Lenny Bruce was himself a preceder in the 1950s, whose social commentary and drug use made him a target for the authorities. He is often recalled with Pryor because of their parallel lives.
"A White racist system created Richard Pryor. He wasn't the only brilliant Black person, he was just one that got through!" said Dick Gregory during a call-in on radio station WMCS 1290 AM of Milwaukee during Morning Show co-host Keith Murphy's tribute to Pryor broadcast on Monday following the announcement of Pryor's passing.
"It was Richard Pryor who opened the way for Saturday Night Live" Gregory observed.
Gregory, who came to Milwaukee this summer during the annual NAACP convention, was also once well known as a standup comic before his activities as a social activist, philanthropist of the Civil Rights Movement and diet guru made him the consort of those such as MLK and Harry Belafonte.
Eddie Griffin, much like Eddie Murphy paid homage to his elders, even if it was a scene in the semi-autobiographical "Foolish" where before a stage performance he sought communion with the shades of departed comics in the lavatory, with only their feet visible beneath the stalls as they dispensed their comic wisdom.
Pryor, decades before musicians and rappers made the N-Word into astrange love/hate sobriquet, renounced its use after a lengthy life-altering visit to Africa of the sort that recently also affected groundbreaking TV show producer David Chappelle that may have caused him to reevaluate his comedic stance and imperiling his cable TV career.

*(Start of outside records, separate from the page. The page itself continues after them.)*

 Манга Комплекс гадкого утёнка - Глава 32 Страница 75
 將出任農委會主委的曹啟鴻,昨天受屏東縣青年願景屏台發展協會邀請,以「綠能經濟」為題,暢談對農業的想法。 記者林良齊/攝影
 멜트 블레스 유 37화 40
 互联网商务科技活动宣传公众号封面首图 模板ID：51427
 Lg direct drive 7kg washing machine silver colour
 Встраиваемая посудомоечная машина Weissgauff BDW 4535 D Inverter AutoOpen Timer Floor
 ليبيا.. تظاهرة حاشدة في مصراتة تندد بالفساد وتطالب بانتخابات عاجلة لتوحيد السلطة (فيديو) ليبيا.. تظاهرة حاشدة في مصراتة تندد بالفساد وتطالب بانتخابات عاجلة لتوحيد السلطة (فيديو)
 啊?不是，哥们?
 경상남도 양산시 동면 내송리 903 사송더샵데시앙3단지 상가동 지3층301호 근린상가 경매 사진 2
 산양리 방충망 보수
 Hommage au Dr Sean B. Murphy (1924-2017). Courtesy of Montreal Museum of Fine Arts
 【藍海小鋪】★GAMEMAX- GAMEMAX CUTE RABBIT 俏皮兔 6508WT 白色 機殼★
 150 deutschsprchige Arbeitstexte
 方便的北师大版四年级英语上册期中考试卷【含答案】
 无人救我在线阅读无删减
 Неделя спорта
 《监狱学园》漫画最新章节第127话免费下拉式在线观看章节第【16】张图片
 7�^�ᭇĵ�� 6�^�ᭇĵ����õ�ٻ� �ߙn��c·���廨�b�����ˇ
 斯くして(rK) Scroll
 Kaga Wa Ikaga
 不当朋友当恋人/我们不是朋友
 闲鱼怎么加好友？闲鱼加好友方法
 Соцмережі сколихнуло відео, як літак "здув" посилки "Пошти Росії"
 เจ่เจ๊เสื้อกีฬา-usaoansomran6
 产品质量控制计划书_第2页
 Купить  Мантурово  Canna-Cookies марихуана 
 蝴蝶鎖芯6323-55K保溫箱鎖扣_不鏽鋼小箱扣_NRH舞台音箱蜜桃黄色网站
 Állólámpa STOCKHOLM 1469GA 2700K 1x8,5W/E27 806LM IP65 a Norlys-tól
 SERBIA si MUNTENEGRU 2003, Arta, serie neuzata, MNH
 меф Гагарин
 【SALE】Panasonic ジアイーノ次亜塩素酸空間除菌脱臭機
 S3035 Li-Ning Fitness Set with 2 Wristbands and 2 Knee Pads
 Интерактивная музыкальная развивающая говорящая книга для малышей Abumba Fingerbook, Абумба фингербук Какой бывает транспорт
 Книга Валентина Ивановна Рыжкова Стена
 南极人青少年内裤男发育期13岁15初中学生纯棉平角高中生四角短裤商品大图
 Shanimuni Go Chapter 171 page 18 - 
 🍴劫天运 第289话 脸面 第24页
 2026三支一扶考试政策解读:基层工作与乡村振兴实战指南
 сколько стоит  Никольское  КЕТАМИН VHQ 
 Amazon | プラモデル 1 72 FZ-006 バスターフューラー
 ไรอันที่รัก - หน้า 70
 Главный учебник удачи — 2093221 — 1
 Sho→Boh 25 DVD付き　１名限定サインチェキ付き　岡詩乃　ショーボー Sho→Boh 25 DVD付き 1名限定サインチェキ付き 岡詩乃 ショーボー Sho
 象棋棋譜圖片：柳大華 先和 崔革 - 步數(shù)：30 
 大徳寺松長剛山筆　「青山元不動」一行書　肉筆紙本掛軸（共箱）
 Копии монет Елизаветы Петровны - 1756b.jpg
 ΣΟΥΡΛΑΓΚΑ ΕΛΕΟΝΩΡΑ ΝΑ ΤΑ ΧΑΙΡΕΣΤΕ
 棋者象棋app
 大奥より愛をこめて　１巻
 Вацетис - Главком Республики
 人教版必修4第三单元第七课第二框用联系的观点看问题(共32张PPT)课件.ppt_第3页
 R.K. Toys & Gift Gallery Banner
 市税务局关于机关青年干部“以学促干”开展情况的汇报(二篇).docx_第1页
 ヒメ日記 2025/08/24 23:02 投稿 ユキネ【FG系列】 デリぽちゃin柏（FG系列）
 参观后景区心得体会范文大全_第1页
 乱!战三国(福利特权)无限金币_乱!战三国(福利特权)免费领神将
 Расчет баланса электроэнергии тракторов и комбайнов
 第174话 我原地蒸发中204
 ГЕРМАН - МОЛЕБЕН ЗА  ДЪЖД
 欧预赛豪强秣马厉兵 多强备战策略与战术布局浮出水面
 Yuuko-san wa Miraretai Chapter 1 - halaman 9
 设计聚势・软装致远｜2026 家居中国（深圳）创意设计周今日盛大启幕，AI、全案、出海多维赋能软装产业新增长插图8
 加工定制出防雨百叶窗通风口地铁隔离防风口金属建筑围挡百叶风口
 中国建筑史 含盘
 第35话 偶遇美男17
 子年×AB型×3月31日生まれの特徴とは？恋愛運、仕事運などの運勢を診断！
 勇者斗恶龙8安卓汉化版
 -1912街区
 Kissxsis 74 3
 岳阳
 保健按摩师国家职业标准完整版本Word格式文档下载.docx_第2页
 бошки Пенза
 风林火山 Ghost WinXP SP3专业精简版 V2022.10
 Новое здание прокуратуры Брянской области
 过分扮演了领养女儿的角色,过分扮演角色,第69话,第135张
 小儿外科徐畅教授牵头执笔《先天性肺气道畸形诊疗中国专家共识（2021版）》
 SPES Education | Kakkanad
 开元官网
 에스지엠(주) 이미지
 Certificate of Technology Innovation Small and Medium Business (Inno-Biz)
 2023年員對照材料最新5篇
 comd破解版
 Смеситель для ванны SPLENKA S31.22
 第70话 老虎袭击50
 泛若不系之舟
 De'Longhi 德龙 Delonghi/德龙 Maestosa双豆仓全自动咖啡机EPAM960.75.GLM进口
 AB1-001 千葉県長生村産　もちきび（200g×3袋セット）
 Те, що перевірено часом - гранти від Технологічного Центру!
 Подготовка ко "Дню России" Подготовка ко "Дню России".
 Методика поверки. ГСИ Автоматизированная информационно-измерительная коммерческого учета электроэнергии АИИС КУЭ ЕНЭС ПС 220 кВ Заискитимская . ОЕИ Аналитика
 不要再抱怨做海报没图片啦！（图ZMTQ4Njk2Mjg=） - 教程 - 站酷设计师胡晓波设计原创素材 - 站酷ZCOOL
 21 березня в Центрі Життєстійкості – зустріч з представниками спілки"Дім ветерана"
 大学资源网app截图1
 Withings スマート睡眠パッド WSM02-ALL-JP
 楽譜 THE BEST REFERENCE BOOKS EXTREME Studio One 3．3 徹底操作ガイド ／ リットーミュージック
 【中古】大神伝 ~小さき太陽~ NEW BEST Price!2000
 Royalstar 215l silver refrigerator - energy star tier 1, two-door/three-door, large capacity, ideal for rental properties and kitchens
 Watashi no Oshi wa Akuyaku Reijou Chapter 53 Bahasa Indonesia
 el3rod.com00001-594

He said he observed that while he walked the streets of big cities in Zimbabwe in the Motherland, he saw people shopping, cops on the beat rousting drunks, winos sleeping against buildings, and the normal interplay of life. He said he saw pretty much all the types of humanity possible in Africa. But he was visited with a revelation while removed from America.
"I said to myself, I see some of everybody here but I don't see any Niggas.' And that's why I will NEVER use that word again!" he said. And Pryor kept his word, banishing it from his comical repertoire. Again, he was years ahead of society.
Armchair psychology might speculate that being born in a brothel, and with one's dear old mom a prostitute and a grandmother the owner of cathouse would influence your outlook on marriage, and child rearing. Of course this found its way into his routines.
In one of his comedy albums he portrayed a sweet girlfriend transformed into a Nazi after he's made her a wife, pacing back and forth, holding an imaginary cigarette with the palm up, speaking crisp German accented English. "Szo, ve vil zee how you vill ..." Like a lot of Pryor's best humour, there was the sort of uneasy laughter from the audience, and nervous glances to ones attending mate or spouse.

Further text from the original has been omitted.